Costs are sprinting, budgets are limping

October 18, 1990|By Mike Klingaman | Mike Klingaman,Evening Sun Staff

The last public high school in Baltimore to get glass backboards in its gymnasium received them last year.

The school? Western High, the lone all-girls school in the city.

Western lobbied for years for glass backboards, seeking the same modern equipment as Baltimore's 15 coed schools. Western even tried unsuccessfully to requisition the backboards from Eastern High when that school closed in 1986.

Three years later, the city acquiesced. However, Western officials say the new glass backboards they received were an inferior brand, and they were installed crooked and at the wrong height.

Eva Scott, Western's athletic director, is resigned to such headaches.

"We're an all-girls school," she says.

In interviews with 40 coaches, athletic directors and educators in city public high schools, The Evening Sun was told that the girls' sports program suffers because its teams often must settle for second best in equipment and facilities.

But athletic budgets at the schools are so tight that a special boost for the girls would slash the boys' program, especially football, below the bare bones.

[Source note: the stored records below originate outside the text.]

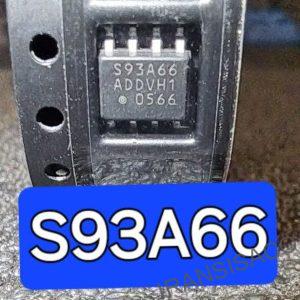 S93A66
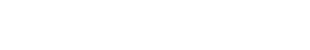 Ananda Media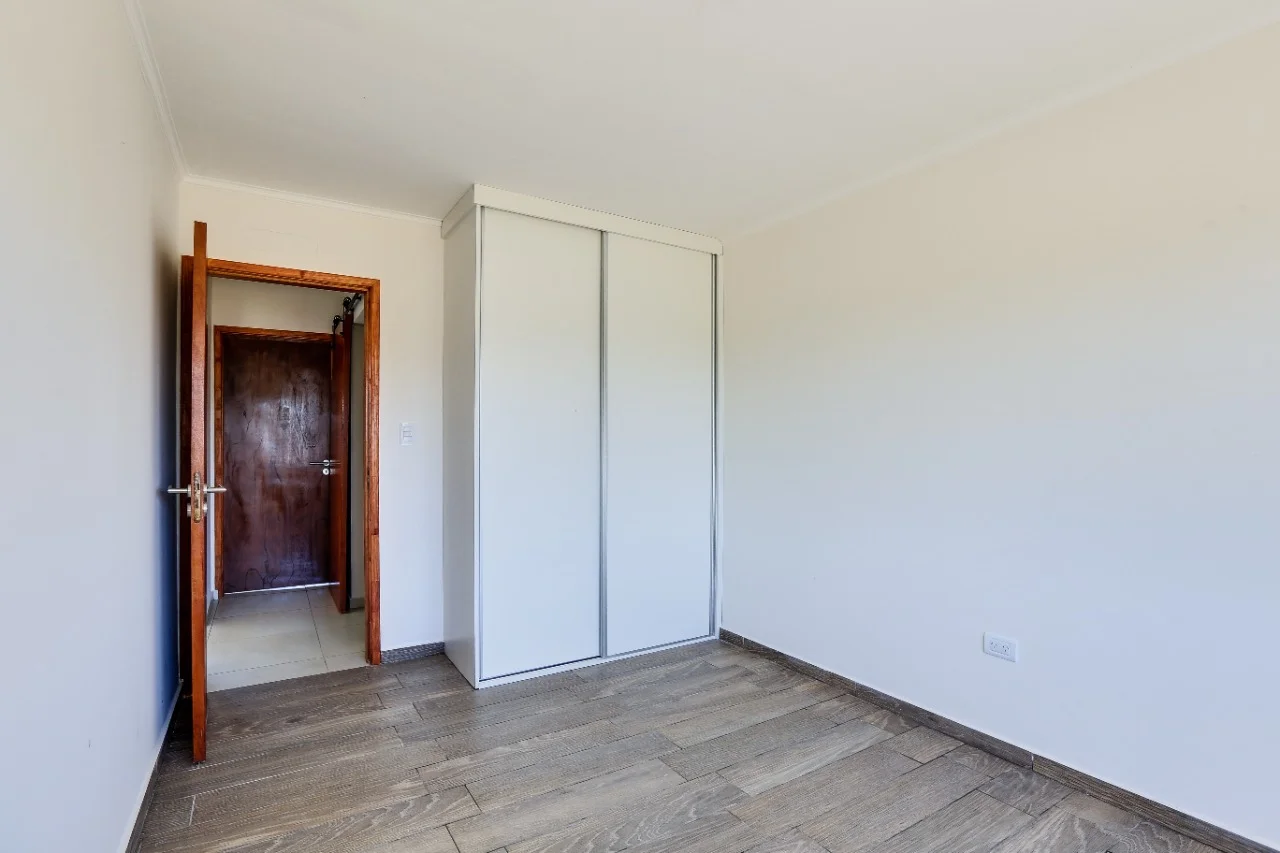VENTA - CASA LA CUMPARSITA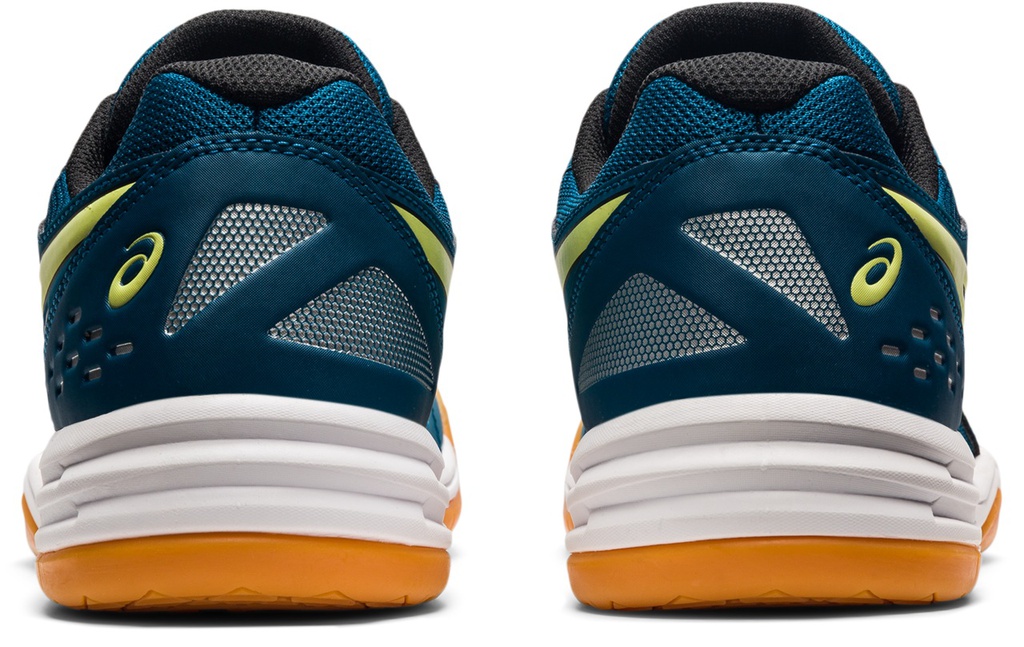 Кросівки волейбольні ASICS UPCOURT 4 1071A053-403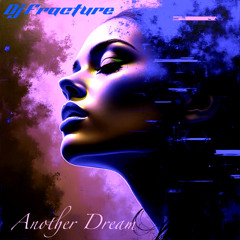 Another Dream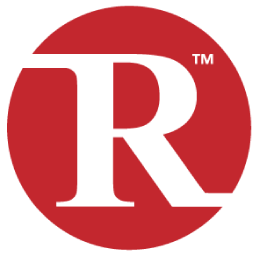 RSign logo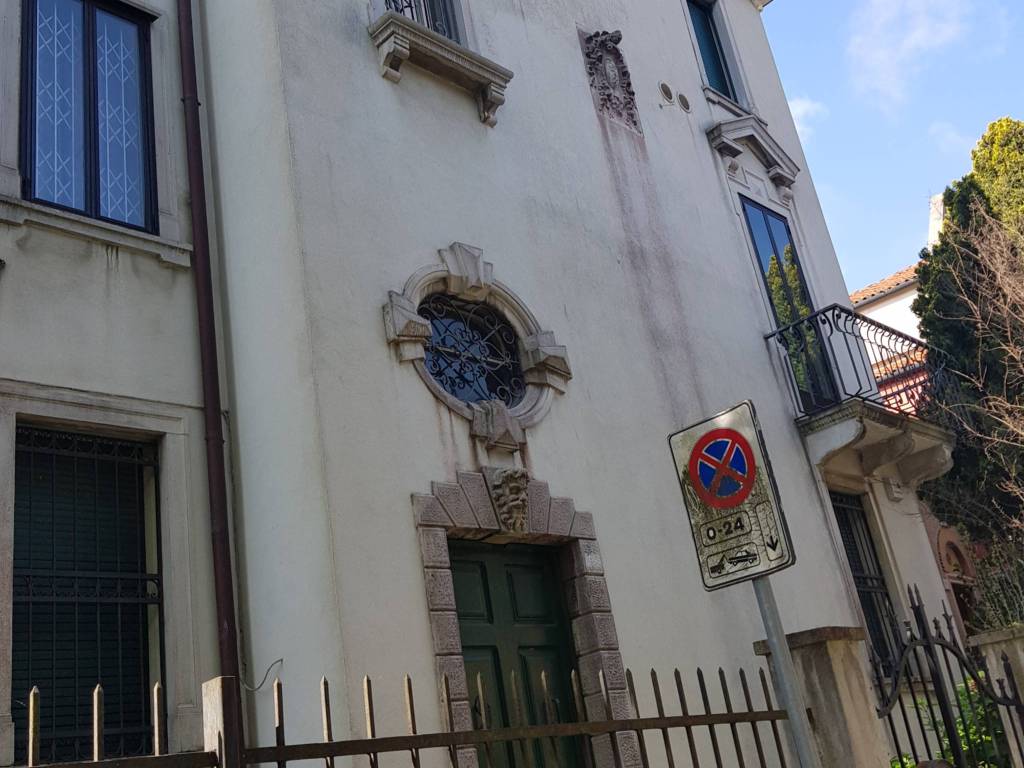 Villa a Venezia in Via Nicolò Tron - Foto 4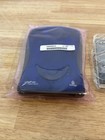 Iomega Zip 250 Usb Powered External Disk Drive Model Z250usbpcmbp P n 30957500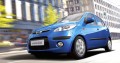 Hyundai i10 : prise de confiance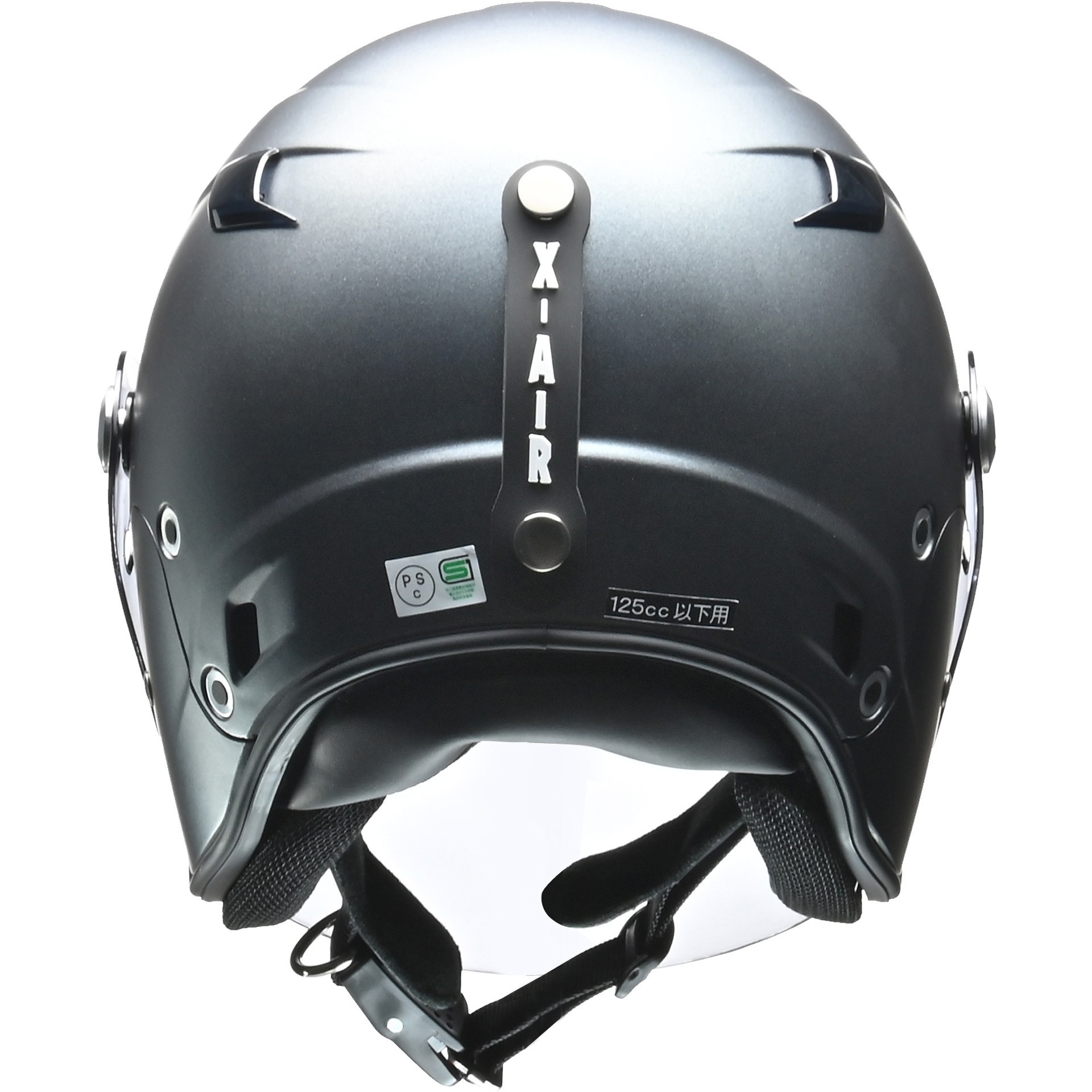 X-AIR RAZZO STRADA LEAD(リード工業) サイズXL 【通販モノタロウ】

"I know football is a terrible drain on the budget, but you don't want to drop football to subsidize something else," says Donna Boller, a phys-ed teacher at Patterson High. "There just isn't any money for athletics. Or books. Or teachers."


The high schools' total budget for athletic supplies is decreasing, while the cost of protective gear for contact sports has risen dramatically. In 1978, when the city schools divided a $120,000 pot, a football helmet sold for $40. Today, the overall athletic budget is less than $110,000, while the same helmet has tripled in price.

"It's very difficult to shave money off the football budget because there is too much risk of injury," says Dave Lang, athletic director at Southwestern High. It can cost $250 to outfit one player, he says. "Football alone eats up nearly 40 percent of our budget, so all other sports are shortchanged."

However, Lang concedes that female athletic directors probably distribute funds more evenly at their schools than men do, because of the women's ties with "minor" sports. "Women understand the value of those sports and tend to champion them more than many men do," says Lang.

Just three of the 16 athletic directors at city high schools are women. One of them, Mabel Wilson of Lake Clifton High, says some of her male peers treat girls' teams unfairly.

"Some men just hear the cries of the men's coaches, and put the women aside. You can see it in some of the girls' uniforms," says Wilson. "I've seen players wearing 'badminton' uniforms in which a T-shirt is worn over a track uniform, plus a pair of shorts. I cringe when I see a girls' team come out looking bad."

"If the girls look good, they will have more pride in themselves."

Some badminton teams looked "tacky" last year, recalls Evelyn Johnson, who retired this year as athletic director at Forest Park High. "Their clothes looked like leftovers from other sports."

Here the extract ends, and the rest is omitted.